Suara.com - Platform digital seperti Google disebut sebagai pihak yang paling bertanggung jawab atas maraknya hoaks. Ini dikarenakan adanya kemudahan orang membuat akun anonim.
Hal ini disampaikan Samdan, salah satu peserta forum diskusi yang digelar Bisnis Indonesia di Radio Republik Indonesia (RRI), Jakarta, pada Kamis (21/8/2025).
"Setiap orang yang ingin melakukan fitnah pasti ingin menyembunyikan identitasnya. Masalahnya, ketika kita buat akun di platform Anda, bisa pakai nama siapa saja. Kenapa tidak wajibkan pakai NIK KTP?" tanya Samdan kepada perwakilan Google, Kamis (21/8/2025).

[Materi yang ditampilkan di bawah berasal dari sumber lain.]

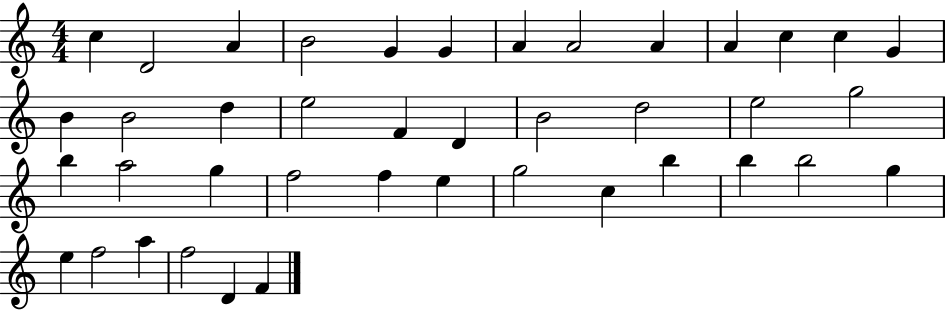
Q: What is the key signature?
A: C major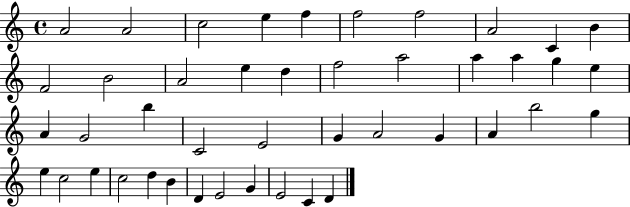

Menurutnya, percuma mengedukasi masyarakat jika sumber masalahnya, yaitu akun-akun anonim penyebar hoaks, tidak ditindak dari akarnya.
Ia berpendapat, jika setiap akun terverifikasi dengan identitas asli, maka penyebar hoaks akan berpikir dua kali.
Menanggapi hal tersebut, Felicia dari Google Indonesia menjawab tantangan tersebut dengan menjelaskan bahwa pihaknya sudah melakukan berbagai upaya proaktif.
"Secara teknologi, Indonesia adalah negara keempat terbesar di dunia dengan jumlah video yang kami remove secara otomatis dari YouTube pada kuartal pertama tahun ini, jumlahnya 667 ribu," ungkap Felicia.
Ia juga menjelaskan tentang fitur Content ID dan Safe Browsing yang secara otomatis mendeteksi konten berbahaya.
Namun, terkait kewajiban KTP, ia mengakui adanya kompleksitas kebijakan global dan privasi pengguna.
Baca Juga: Ada Apa dengan Eksekusi Silfester? Kejari Jaksel Ungkap Alasan Rahasia ke Komjak
Sekretaris Ditjen Pengawasan Ruang Digital Komdigi, Mediodecci Lustarini, menambahkan bahwa kewajiban registrasi dengan NIK pun bukan tanpa celah.
"Registrasi kartu SIM prabayar saja masih banyak yang bisa menipu. Ini tantangan kita bersama," ujarnya.
Meski begitu, ini menjadi sinyal kuat bahwa masyarakat menuntut tanggung jawab yang lebih besar dari platform digital untuk membersihkan ekosistem informasi dari "sampah" hoaks.